## WHAT TO DO
Nothing but the lines from the one with "Search for opportunity, business" through the end of the listing should be reproduced, each exactly and with pictures omitted.

## GIVEN DATA
----
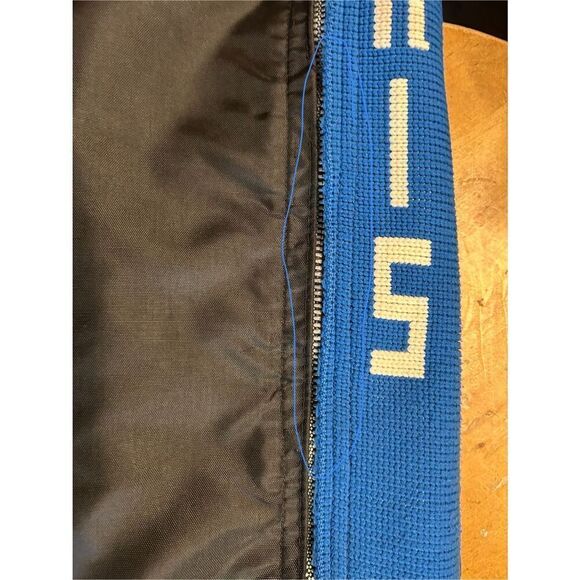 Vtg 1970 Polaris Snow Pants Bib Snowmobile Suit Ski Overall Black Blue Rare Knit - Picture 11 of 11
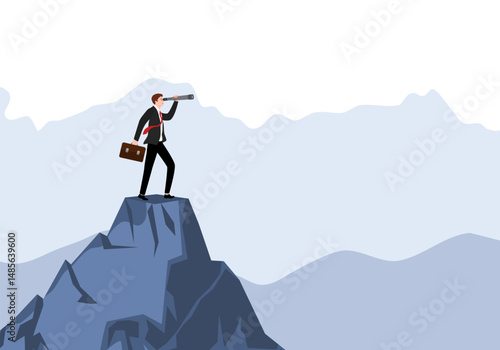Search for opportunity, business vision, success direction or finding new employee, career future, secret discovery or research concept, businessman look through telescope 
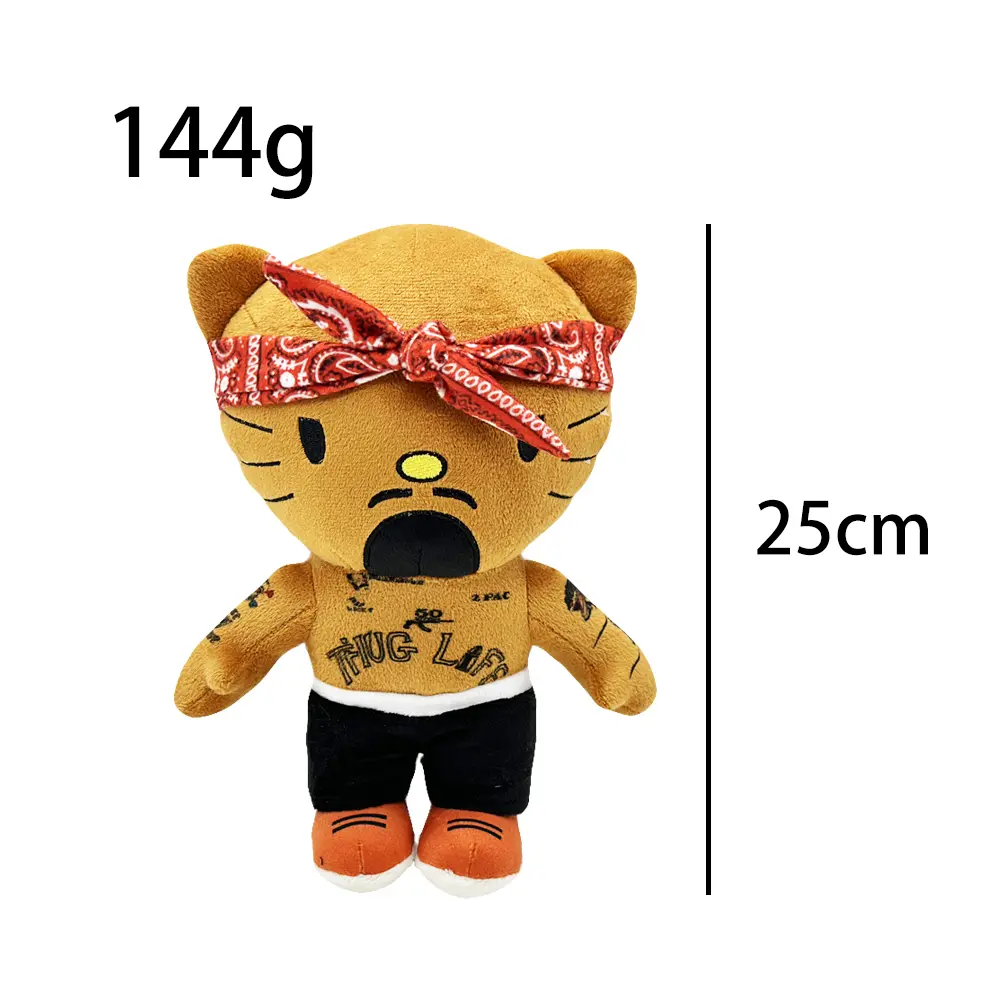 25cm Hello Kitty Tupac Plush Doll Figure Stuffed Toys Cute Boys Girls Birthday Gifts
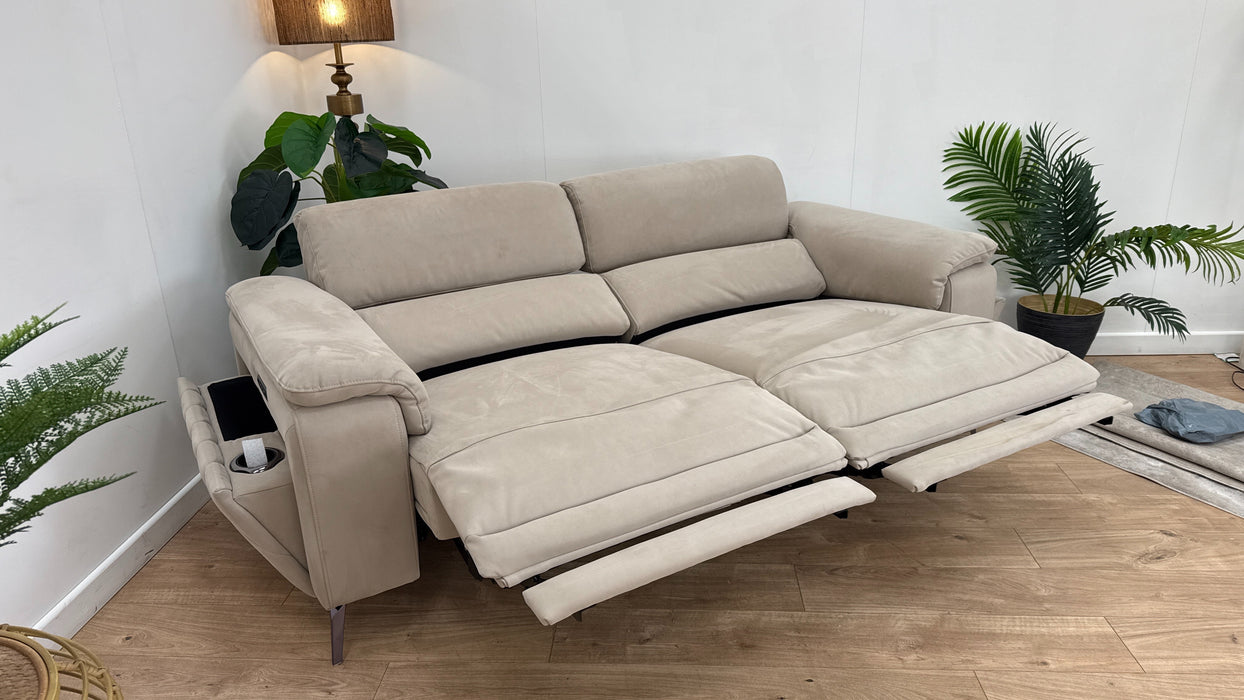 Sofology The Fratelli Fabric 2.5 Seater Power Recliner/Headrest in Lifestyle Nubuck Feel Stone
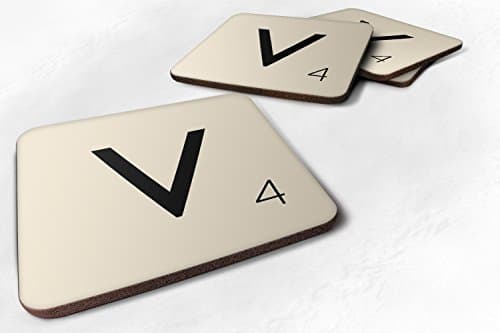 Letter "V" Scrabble Inspired Tile Letter Novelty Game Fun Gift Tea Coffee Cup Mug Coaster - iCaseCreative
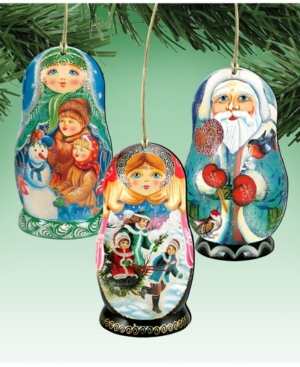 Designocracy Winter Play Dolls Wooden Ornaments, Set Of 3 In Multi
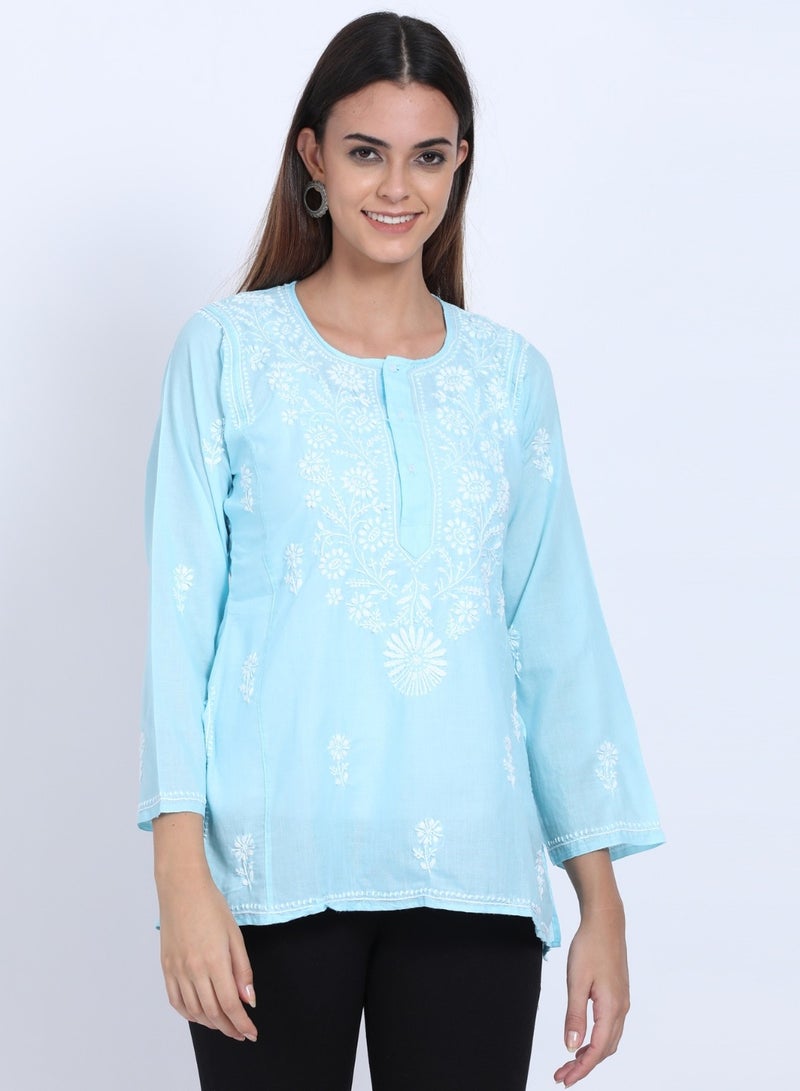 Women Hand Embroidered Chikankari Cotton Kurti-ALSTV115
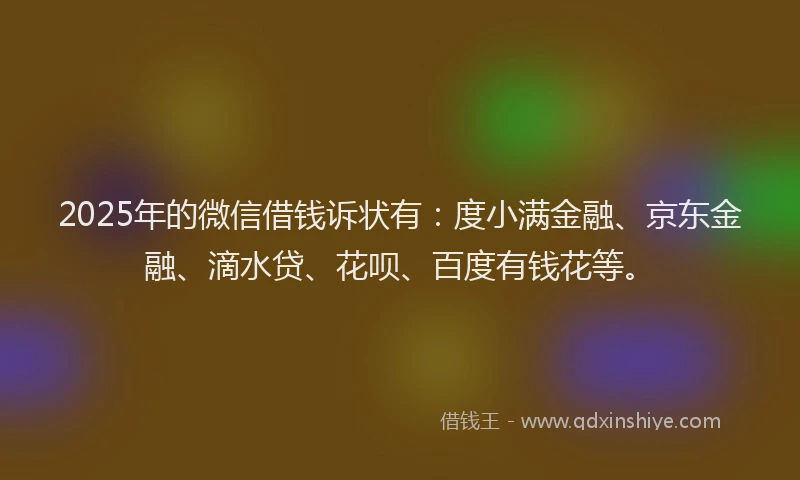 2025年的微信借钱诉状有：度小满金融、京东金融、滴水贷、花呗、百度有钱花等。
----
## RESPONSE FOR THIS EXERCISE
Search for opportunity, business vision, success direction or finding new employee, career future, secret discovery or research concept, businessman look through telescope 
 25cm Hello Kitty Tupac Plush Doll Figure Stuffed Toys Cute Boys Girls Birthday Gifts
 Sofology The Fratelli Fabric 2.5 Seater Power Recliner/Headrest in Lifestyle Nubuck Feel Stone
 Letter "V" Scrabble Inspired Tile Letter Novelty Game Fun Gift Tea Coffee Cup Mug Coaster - iCaseCreative
 Designocracy Winter Play Dolls Wooden Ornaments, Set Of 3 In Multi
 Women Hand Embroidered Chikankari Cotton Kurti-ALSTV115
 2025年的微信借钱诉状有：度小满金融、京东金融、滴水贷、花呗、百度有钱花等。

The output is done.